Del museo interactivo Oscar Niemeyer dice el New York Times que es “una composición extraña, hermosa, lírica. Es el ‘museo del ojo’, debido a su forma, parecida a la de un ojo humano”.
Maestro consumado de la curva arquitectónica, la firma de Niemeyer está registrada en altorrelieve en la historia de la arquitectura mundial de este siglo.
No solo porque fue capaz de idear y levantar ciudades enteras. Ni por verse involucrado en los grandes proyectos arquitectónicos destinados a reflejar la identidad y la historia de América Latina, como su hermoso Memorial en Sao Paulo.
No, Oscar Niemeyer forma parte del Olimpo mundial no solamente por su duende creativo, sino también por la manera coherente como afrontó su paso por la vida.
Sus 104 años de existencia y 77 años de ejercicio profesional -se graduó en la Escuela Nacional de Bellas Artes de Río de Janeiro en 1934- se han parecido a un baúl donde entró de todo: desde sus desengaños políticos, que lo hundieron en la depresión más abyecta; pasando por su militancia comunista, que hizo que sus rivales miraran con narices largas sus revolucionarios proyectos arquitectónicos y sociales; hasta el éxtasis profesional que supuso el reconocimiento general de su sabio quehacer con los volúmenes.
A pesar de su evidente valía, Niemeyer tardó en ser reconocido como uno de los grandes arquitectos y proyectistas de nuestro tiempo, principalmente por culpa de sus concepciones ideológicas.
Pero una vez que subió al podio de los vencedores nunca más se bajó. Los reconocimientos más prestigiosos de sus colegas y de otras instituciones, por las razones anotadas, llegaron tarde: en 1988 obtuvo el Premio Pritzker (Nobel de arquitectura); en 1989 se hizo acreedor del Premio Príncipe de Asturias; y el 2005, el Gobierno del Japón le distinguió con su mayor galardón: el Premio Imperial.
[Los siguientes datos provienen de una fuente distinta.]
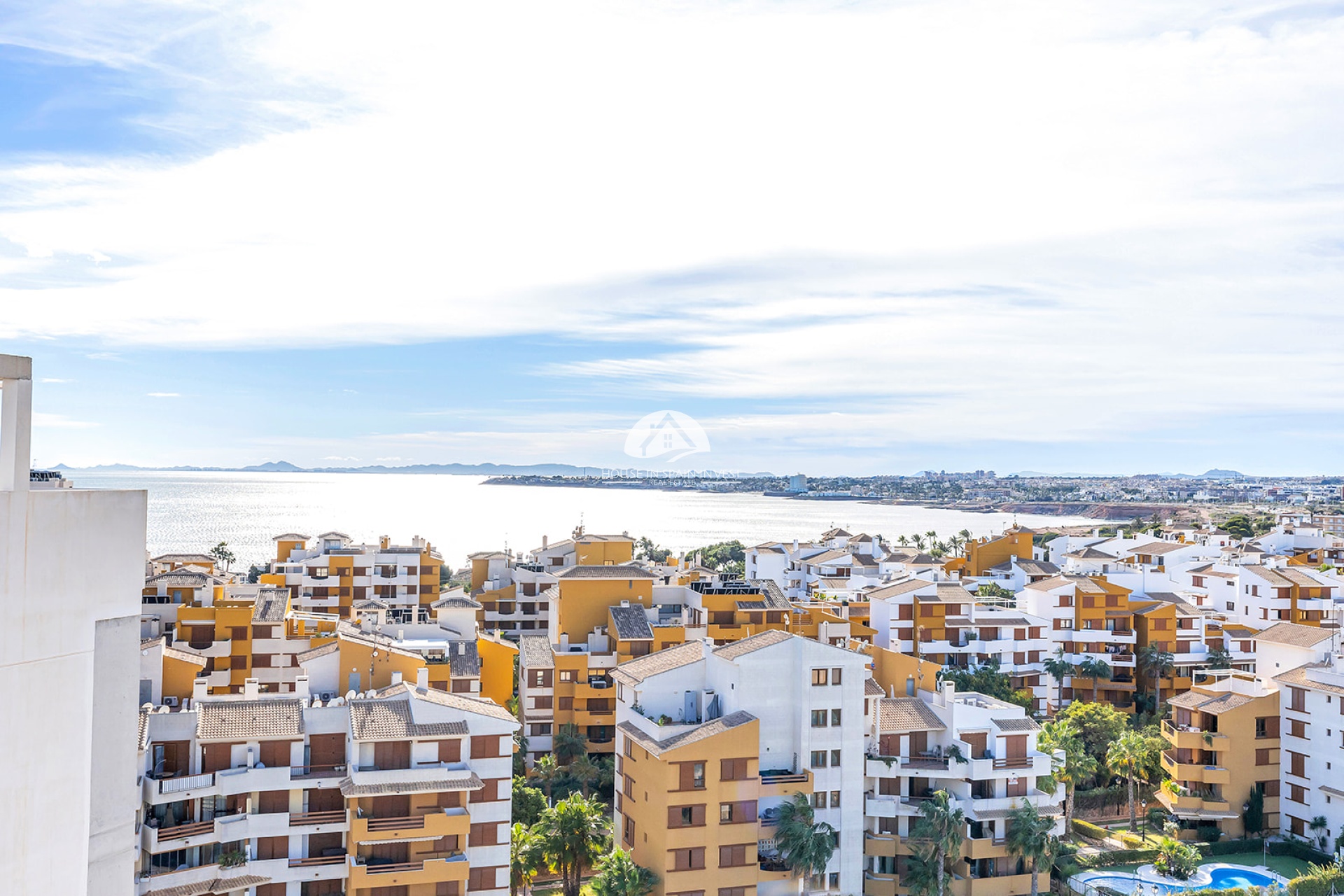Resale - Penthouse - Torrevieja - Punta Prima  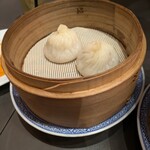 大阪中華サワダ飯店 - 小籠包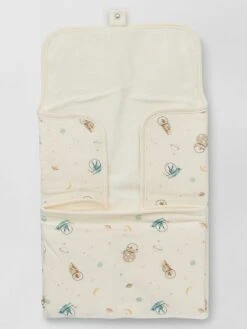 Tapis à Langer -Kiabi tapis a langer beige yz496 4 frb4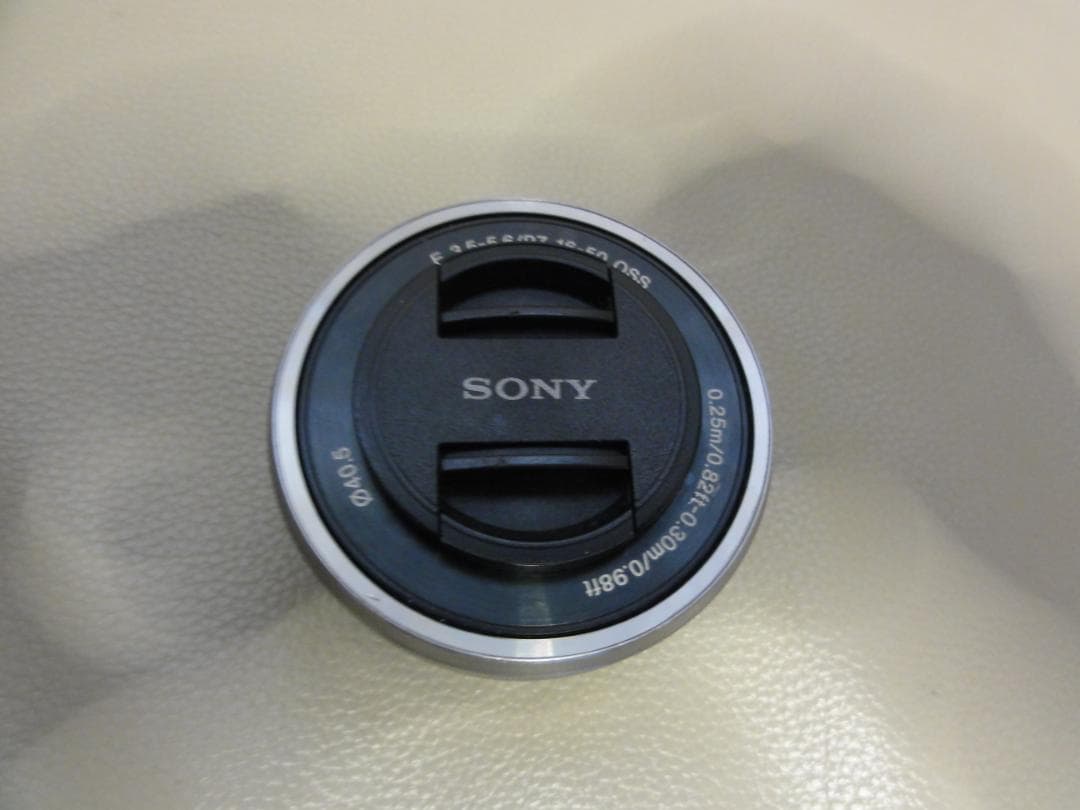 SONY(ソニー) レンズ E PZ 16-50mm F3.5-5.6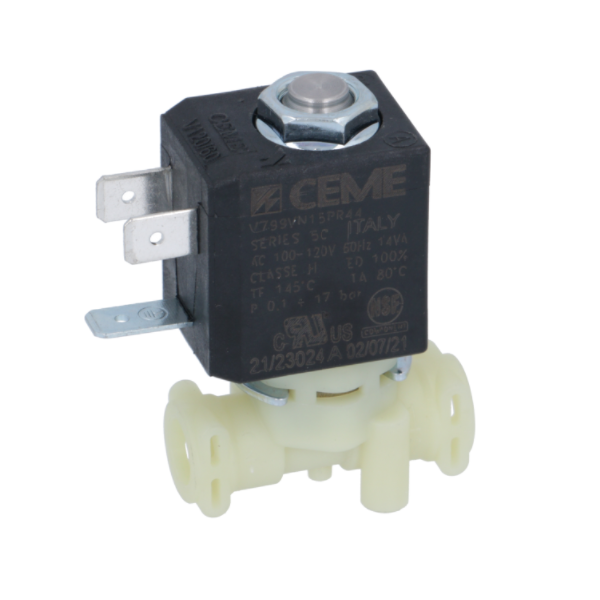 110 120V Two-Way CEME Solenoid Valve for Breville Barista Express BES870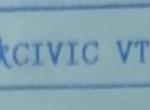 思域-20款CIVIC  VTI  国六  CVT是哪一款车啊，
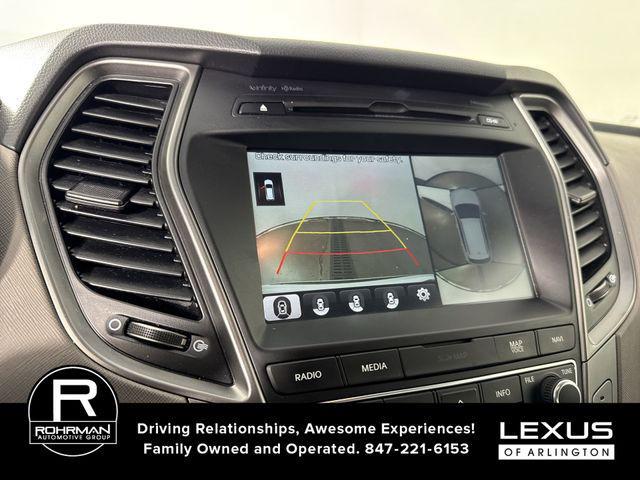 used 2017 Hyundai Santa Fe Sport car, priced at $13,495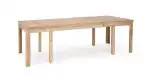 Seweryn bővíthető étkezőasztal – craft tölgy - Image 3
También recibió el León de Oro de la Bienal de Venecia (1996), el Unesco de la Cultura (2001) y la Orden de las Artes y las Letras del Gobierno de España (2009).
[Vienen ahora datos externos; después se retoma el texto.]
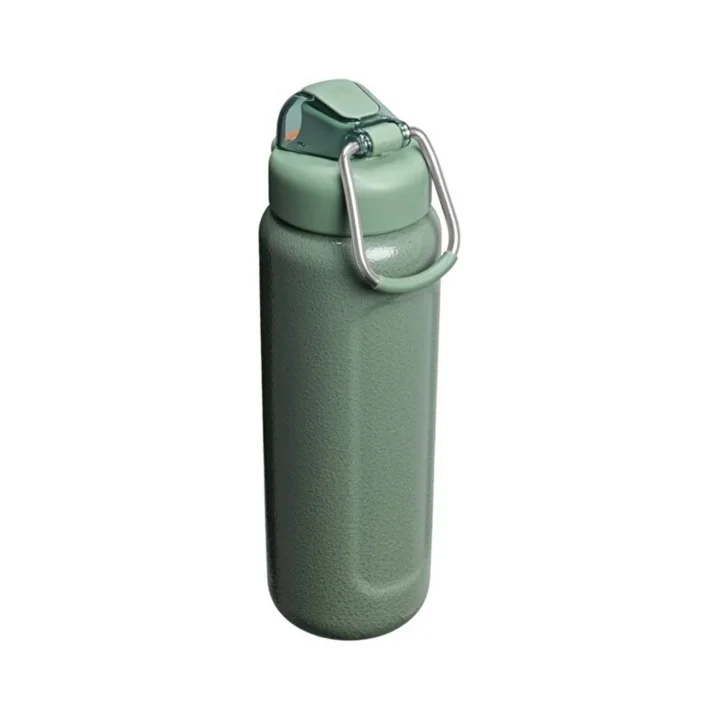 Classic Wellspring Bottle 0,70 LT (24 OZ) - Hammertone Green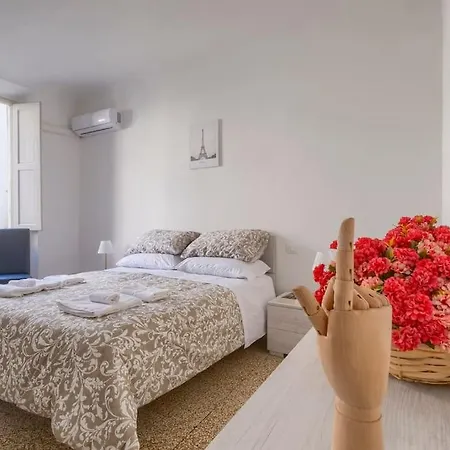 Nel Cuore Di + Wifi+aria Condizionata +netflix Florence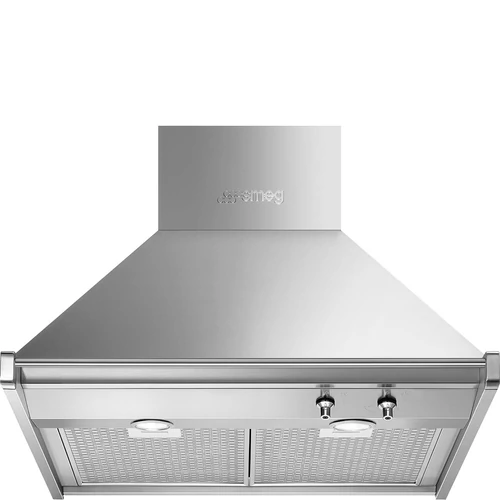 SMEG KÜRTŐS PÁRAELSZÍVÓ, Classica design, 70 cm, inox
Su obra ha sido y es fuente de numerosos análisis y estudios. Se ha escrito infinidad de libros sobre su trayectoria. Y su arquitectura es un referente obligado de todas las facultades del mundo. No obstante, Niemeyer sigue siendo el mismo iconoclasta irredento, que cada día busca algo más para crear.
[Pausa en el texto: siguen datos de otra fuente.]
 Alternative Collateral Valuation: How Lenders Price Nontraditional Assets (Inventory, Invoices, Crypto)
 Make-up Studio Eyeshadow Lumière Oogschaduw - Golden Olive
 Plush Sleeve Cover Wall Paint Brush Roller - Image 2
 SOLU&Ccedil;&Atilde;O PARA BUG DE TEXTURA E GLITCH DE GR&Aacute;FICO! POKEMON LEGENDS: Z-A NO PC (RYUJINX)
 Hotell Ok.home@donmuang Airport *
A pesar de sus quebrantos de salud, el infatigable Niemeyer trabajó casi hasta el final de sus días en diversos proyectos y, en vísperas del carnaval pasado, en una de sus últimas apariciones públicas, visitó el sambódromo de Río de Janeiro, otra de sus creaciones más reconocidas, para ver las obras de ampliación del recinto.
Se casó a los 21 años con Anita Baldo, con la que compartió 75 años de su vida y con la que tuvo su única hija, Ana María, que posteriormente le daría cinco nietos y 13 bisnietos.
En 2006, dos años después de quedarse viudo y con 98 años de edad, se casó de nuevo, con Vera Lucia Cabreira, su secretaria 40 años más joven que él.